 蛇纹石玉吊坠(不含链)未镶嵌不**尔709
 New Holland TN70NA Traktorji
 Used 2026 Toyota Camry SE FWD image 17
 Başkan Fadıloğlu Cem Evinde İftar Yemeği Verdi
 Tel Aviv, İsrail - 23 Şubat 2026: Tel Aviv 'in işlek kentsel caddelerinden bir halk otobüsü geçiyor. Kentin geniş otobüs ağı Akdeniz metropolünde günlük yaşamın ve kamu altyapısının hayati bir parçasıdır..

---

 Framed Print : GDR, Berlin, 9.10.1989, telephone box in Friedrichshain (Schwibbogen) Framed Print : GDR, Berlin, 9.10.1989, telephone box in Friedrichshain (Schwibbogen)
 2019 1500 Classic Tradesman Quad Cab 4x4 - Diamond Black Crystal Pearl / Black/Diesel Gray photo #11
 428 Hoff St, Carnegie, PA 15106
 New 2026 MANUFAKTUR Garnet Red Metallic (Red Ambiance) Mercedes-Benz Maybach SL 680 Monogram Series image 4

### [TO DO]
Exactly the lines above from the one with "2019 1500 Classic" to the one with "New 2026 MANUFAKTUR", both included, are to be quoted; leave the rest out.

### [RESPONSE TO THIS EXERCISE]
 2019 1500 Classic Tradesman Quad Cab 4x4 - Diamond Black Crystal Pearl / Black/Diesel Gray photo #11
 428 Hoff St, Carnegie, PA 15106
 New 2026 MANUFAKTUR Garnet Red Metallic (Red Ambiance) Mercedes-Benz Maybach SL 680 Monogram Series image 4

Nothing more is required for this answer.